**About this task**
Please filter the data below down to the lines holding the string "lower".

------ Supplied data ------

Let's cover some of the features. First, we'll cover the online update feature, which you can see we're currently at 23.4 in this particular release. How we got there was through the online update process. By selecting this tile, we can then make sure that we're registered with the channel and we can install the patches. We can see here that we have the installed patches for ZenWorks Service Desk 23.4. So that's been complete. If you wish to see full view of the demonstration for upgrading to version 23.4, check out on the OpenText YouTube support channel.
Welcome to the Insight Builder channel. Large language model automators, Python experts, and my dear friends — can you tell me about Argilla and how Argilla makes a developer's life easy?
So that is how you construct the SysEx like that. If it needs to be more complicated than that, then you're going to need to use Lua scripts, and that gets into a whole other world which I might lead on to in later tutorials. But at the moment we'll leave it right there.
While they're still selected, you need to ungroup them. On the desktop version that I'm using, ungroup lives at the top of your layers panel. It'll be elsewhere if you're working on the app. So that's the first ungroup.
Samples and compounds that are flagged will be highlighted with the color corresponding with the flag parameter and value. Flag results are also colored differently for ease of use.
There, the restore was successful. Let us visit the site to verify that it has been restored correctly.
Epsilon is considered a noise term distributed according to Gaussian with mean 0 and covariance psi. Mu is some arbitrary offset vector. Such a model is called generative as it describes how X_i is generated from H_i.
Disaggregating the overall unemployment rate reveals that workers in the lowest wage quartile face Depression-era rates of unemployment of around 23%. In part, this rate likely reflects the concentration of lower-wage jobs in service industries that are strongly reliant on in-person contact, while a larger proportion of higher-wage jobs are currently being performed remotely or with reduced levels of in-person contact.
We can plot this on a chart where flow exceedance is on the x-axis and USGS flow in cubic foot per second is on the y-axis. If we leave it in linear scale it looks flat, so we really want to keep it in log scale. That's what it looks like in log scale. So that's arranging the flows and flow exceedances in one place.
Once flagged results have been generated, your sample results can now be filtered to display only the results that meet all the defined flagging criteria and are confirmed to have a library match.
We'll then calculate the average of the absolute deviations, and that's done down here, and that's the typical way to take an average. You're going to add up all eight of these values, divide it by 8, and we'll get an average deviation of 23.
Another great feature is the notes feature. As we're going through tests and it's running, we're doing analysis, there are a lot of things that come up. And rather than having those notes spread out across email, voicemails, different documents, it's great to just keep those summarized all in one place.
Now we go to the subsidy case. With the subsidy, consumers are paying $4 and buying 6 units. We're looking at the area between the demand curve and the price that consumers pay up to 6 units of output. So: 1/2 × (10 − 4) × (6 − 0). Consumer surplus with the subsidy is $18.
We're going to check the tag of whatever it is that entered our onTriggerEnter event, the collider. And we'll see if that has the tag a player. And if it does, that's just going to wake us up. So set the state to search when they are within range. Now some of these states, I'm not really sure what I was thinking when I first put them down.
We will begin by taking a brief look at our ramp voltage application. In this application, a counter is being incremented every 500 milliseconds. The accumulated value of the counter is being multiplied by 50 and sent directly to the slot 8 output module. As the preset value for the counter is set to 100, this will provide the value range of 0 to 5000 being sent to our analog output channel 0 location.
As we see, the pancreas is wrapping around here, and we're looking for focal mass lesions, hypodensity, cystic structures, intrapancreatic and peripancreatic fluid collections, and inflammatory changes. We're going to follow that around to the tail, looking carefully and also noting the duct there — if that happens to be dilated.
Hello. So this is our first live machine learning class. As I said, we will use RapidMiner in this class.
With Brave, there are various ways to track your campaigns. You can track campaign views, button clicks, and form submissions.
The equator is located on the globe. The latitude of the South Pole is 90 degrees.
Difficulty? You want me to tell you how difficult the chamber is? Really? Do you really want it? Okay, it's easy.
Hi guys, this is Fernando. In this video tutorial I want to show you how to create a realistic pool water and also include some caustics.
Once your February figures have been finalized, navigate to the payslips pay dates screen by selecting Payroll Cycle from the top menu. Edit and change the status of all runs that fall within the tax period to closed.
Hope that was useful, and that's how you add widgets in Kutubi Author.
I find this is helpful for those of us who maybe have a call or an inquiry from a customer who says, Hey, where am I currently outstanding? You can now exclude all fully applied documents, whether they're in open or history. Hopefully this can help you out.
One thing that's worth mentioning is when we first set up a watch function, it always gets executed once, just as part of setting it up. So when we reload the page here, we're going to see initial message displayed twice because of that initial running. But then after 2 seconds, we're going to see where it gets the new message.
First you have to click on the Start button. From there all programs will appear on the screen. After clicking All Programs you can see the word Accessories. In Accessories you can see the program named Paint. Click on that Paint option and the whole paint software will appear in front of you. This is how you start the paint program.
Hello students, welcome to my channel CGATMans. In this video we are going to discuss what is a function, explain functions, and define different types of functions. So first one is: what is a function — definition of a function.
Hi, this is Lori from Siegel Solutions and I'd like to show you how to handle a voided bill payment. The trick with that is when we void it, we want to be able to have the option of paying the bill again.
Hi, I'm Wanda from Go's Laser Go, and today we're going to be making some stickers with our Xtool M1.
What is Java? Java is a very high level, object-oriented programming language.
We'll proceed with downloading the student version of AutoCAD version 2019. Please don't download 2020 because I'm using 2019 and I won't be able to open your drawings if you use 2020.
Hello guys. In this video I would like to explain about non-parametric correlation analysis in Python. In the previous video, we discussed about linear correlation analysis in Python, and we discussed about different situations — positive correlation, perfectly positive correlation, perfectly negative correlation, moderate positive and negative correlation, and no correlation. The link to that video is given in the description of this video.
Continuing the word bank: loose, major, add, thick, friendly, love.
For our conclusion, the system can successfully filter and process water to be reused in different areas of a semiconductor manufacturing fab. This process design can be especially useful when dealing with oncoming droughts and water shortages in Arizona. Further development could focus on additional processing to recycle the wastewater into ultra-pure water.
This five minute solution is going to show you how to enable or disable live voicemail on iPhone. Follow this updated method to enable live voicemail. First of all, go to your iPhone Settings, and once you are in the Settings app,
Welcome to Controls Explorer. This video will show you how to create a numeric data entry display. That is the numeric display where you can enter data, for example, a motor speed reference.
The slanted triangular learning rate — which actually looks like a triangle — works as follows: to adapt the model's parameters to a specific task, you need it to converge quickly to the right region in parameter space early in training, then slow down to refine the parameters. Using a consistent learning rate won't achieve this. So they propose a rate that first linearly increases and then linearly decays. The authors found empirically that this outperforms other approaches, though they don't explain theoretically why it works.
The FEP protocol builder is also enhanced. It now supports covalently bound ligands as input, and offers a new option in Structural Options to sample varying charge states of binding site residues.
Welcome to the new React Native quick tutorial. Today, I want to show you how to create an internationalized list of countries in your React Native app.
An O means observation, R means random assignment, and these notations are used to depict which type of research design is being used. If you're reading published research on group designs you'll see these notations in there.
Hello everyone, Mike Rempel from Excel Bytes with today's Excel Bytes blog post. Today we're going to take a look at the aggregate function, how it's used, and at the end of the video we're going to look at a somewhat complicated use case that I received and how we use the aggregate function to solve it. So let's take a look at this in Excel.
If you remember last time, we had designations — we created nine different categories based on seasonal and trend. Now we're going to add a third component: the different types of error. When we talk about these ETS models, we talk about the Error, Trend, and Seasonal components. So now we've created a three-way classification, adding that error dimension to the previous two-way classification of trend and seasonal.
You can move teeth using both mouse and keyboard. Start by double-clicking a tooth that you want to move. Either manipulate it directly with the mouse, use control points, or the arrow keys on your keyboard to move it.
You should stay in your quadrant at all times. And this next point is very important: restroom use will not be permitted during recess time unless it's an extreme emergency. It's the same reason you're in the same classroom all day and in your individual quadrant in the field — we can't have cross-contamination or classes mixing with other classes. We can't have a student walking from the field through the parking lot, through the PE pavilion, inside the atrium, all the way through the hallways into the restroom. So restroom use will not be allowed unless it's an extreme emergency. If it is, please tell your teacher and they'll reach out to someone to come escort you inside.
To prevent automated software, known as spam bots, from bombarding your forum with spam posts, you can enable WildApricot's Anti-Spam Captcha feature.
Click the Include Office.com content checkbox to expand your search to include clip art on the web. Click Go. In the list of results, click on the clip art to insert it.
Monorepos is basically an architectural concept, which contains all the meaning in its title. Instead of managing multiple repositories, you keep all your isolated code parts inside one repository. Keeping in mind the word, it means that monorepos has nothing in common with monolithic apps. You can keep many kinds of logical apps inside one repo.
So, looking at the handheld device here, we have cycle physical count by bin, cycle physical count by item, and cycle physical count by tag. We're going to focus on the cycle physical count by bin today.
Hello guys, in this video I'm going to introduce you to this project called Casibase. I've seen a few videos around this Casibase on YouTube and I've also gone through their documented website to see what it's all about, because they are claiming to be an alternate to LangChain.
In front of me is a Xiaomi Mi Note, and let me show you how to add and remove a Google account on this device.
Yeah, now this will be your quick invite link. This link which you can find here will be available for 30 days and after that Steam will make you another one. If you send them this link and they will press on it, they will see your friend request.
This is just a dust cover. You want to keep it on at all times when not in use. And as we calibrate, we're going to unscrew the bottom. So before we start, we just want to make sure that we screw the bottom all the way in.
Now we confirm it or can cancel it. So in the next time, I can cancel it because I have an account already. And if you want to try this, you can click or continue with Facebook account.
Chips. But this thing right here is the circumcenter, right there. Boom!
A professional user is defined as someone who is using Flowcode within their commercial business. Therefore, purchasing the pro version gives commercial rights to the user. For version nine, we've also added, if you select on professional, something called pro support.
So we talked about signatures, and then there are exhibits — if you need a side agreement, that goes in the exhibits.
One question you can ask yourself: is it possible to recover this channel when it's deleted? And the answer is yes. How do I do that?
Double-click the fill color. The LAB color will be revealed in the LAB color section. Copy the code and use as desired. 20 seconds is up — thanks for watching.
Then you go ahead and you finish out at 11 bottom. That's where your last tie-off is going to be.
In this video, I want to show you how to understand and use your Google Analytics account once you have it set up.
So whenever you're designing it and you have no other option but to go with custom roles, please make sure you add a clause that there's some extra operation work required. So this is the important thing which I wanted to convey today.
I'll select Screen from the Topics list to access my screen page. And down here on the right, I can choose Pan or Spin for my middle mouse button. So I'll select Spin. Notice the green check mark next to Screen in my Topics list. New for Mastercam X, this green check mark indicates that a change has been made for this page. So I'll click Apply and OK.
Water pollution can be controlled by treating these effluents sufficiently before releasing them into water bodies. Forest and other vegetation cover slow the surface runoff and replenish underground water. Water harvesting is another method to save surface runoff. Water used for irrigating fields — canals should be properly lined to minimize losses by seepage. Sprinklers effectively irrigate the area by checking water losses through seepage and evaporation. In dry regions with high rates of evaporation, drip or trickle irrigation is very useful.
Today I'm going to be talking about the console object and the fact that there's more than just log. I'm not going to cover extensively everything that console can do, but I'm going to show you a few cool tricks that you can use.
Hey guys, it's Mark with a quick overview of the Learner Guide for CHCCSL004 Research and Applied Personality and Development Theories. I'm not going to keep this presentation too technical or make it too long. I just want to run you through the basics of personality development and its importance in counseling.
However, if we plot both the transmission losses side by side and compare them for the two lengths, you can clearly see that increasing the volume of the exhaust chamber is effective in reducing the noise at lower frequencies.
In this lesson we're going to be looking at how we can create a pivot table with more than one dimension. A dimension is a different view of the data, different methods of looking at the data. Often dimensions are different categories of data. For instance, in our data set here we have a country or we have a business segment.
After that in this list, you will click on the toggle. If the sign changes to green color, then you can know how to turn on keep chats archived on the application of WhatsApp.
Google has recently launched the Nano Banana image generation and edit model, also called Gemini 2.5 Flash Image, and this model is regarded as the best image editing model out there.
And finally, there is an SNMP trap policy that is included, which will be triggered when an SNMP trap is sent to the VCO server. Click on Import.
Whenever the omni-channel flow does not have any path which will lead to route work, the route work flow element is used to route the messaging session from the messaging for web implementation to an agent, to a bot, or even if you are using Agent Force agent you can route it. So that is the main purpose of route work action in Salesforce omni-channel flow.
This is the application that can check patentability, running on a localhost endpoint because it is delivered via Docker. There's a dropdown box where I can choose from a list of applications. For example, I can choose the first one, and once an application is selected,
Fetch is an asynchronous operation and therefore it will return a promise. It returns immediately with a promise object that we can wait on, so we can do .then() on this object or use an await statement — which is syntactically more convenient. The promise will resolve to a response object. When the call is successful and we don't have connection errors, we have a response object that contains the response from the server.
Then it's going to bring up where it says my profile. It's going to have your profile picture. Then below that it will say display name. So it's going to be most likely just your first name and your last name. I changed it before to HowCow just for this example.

------

**Exercise solution**
Disaggregating the overall unemployment rate reveals that workers in the lowest wage quartile face Depression-era rates of unemployment of around 23%. In part, this rate likely reflects the concentration of lower-wage jobs in service industries that are strongly reliant on in-person contact, while a larger proportion of higher-wage jobs are currently being performed remotely or with reduced levels of in-person contact.
However, if we plot both the transmission losses side by side and compare them for the two lengths, you can clearly see that increasing the volume of the exhaust chamber is effective in reducing the noise at lower frequencies.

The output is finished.